With quantum computers on the horizon, it is essential to understand what problems they can be used to solve. One potential application is simulating quantum systems, in particular, systems with many interacting electrons. However, there is a disparity between the computational resources required to study these problems and the capabilities of modern experimental quantum devices. In this thesis, we make progress toward closing this gap by reducing the cost of quantum simulation of quantum chemistry on a number of fronts. In the first half, we develop three improved quantum simulation algorithms by approximating time evolution under the Hamiltonian using a truncated Taylor series rather than the Trotter-Suzuki decomposition.
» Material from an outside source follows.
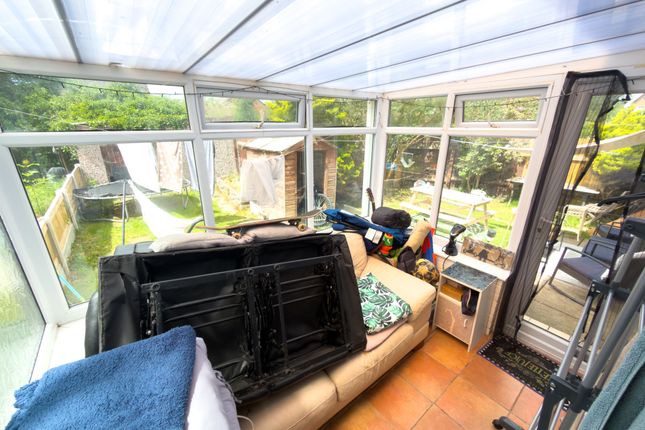23, Prestatyn, Denbighshire photo 3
We do this first for the molecular electronic structure Hamiltonian in two representations, obtaining asymptotic improvements in terms of both the number of orbitals and the required precision. We also apply the truncated Taylor series paradigm to quantum simulation in real space, where we consider simulation of general wave functions discretized on a uniform grid. In the second half, by working with Hamiltonians tailored specifically to quantum algorithms, we demonstrate that Trotter steps of the electronic structure Hamiltonian can be simulated in exactly N depth and with only linear connectivity, where N is the number of spin-orbitals. This resolves the problem of non-locality in fermion-to-qubit mappings, and has wide-ranging applications for variational and phase estimation-based quantum simulation of quantum chemistry. We further study this algorithm on an error-corrected quantum computer using the surface code. Benchmarking it alongside other product formula approaches, we show that quantum simulation of scientifically important instances of the electronic structure problem that are classically intractable can be performed with only a few hundred thousand physical qubits and fewer than one billion costly fault-tolerant gates. Finally, we study the effect of using randomized Hamiltonians in iterative phase estimation, and how this allows us to reduce the costs of simulation as well as to exploit knowledge of the ground state in how we design our simulation algorithm.